Zhao Jian, Zhang Miao, He Chen, Xie Xie, Li Jiaming
School of Information Science and Technology, Northwest University, Xi'an, 710127 China.
Cogn Neurodyn. 2020 Oct;14(5):643-656. doi: 10.1007/s11571-020-09591-9. Epub 2020 Jun 4.
Facial attractiveness is an important research direction of genetic psychology and cognitive psychology, and its results are significant for the study of face evolution and human evolution. However, previous studies have not put forward a comprehensive evaluation system of facial attractiveness. Traditionally, the establishment of facial attractiveness evaluation system was based on facial geometric features, without facial skin features. In this paper, combined with big data analysis, evaluation of face in real society and literature research, we found that skin also have a significant impact on facial attractiveness, because skin could reflect age, wrinkles and healthful qualities, thus affected the human perception of facial attractiveness. Therefore, we propose a comprehensive and novel facial attractiveness evaluation system based on face shape structural features, facial structure features and skin texture feature. In order to apply face shape structural features to the evaluation of facial attractiveness, the classification of face shape is the first step. Face image dataset is divided according to face shape, and then facial structure features and skin texture features that represent facial attractiveness are extracted and fused. The machine learning algorithm with the best prediction performance is selected in the face shape structural subsets to predict facial attractiveness. Experimental results show that the facial attractiveness evaluation performance can be improved by the method based on classification of face shape and multi-features fusion, the facial attractiveness scores obtained by the proposed system correlates better with human ratings. Our evaluation system can help people project their cognition of facial attractiveness into artificial agents they interact with.

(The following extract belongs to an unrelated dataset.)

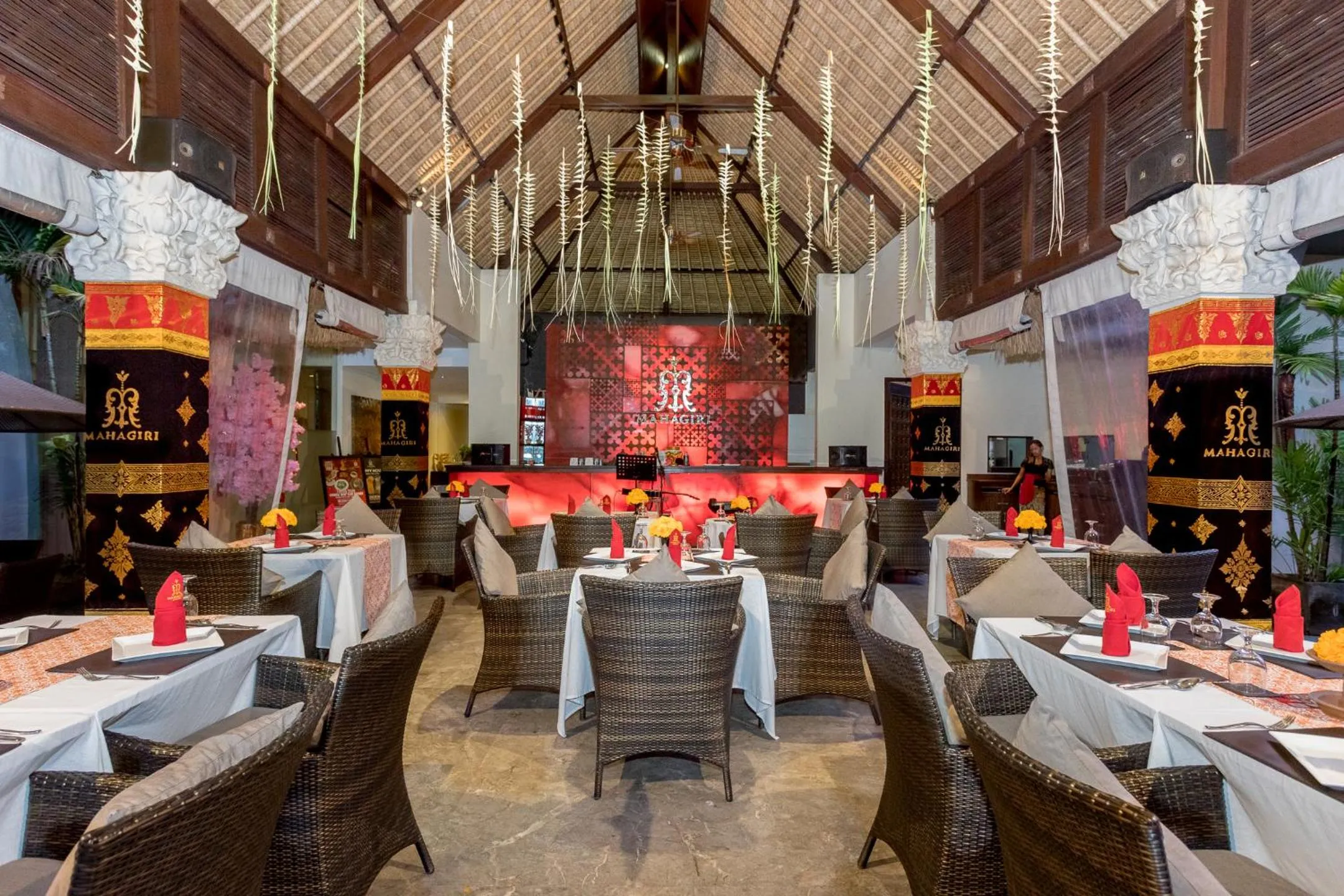 Restaurant/places to eat in Mahagiri Villas Sanur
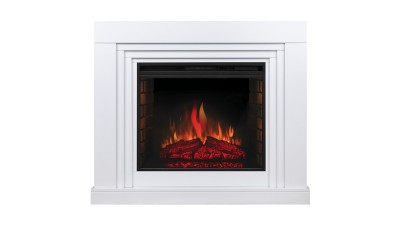 Камин электрический RealFlame Stanley 26 WT с очагом Epsilon 26 S IR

面部吸引力是遗传心理学和认知心理学的一个重要研究方向,其研究结果对于面部进化和人类进化的研究具有重要意义。然而,以往的研究尚未提出一个全面的面部吸引力评价体系。传统上,面部吸引力评价体系的建立基于面部几何特征,而未考虑面部皮肤特征。本文结合大数据分析、现实社会中的面部评价以及文献研究,发现皮肤对面部吸引力也有显著影响,因为皮肤能够反映年龄、皱纹和健康状况,从而影响人类对面部吸引力的感知。因此,我们提出了一种基于面部形状结构特征、面部结构特征和皮肤纹理特征的全面且新颖的面部吸引力评价体系。为了将面部形状结构特征应用于面部吸引力评价,对面部形状进行分类是第一步。根据面部形状对面部图像数据集进行划分,然后提取并融合代表面部吸引力的面部结构特征和皮肤纹理特征。在面部形状结构子集中选择预测性能最佳的机器学习算法来预测面部吸引力。实验结果表明,基于面部形状分类和多特征融合的方法能够提高面部吸引力评价性能,所提出的系统获得的面部吸引力得分与人类评分的相关性更好。我们的评价体系能够帮助人们将对面部吸引力的认知投射到与其交互的智能体中。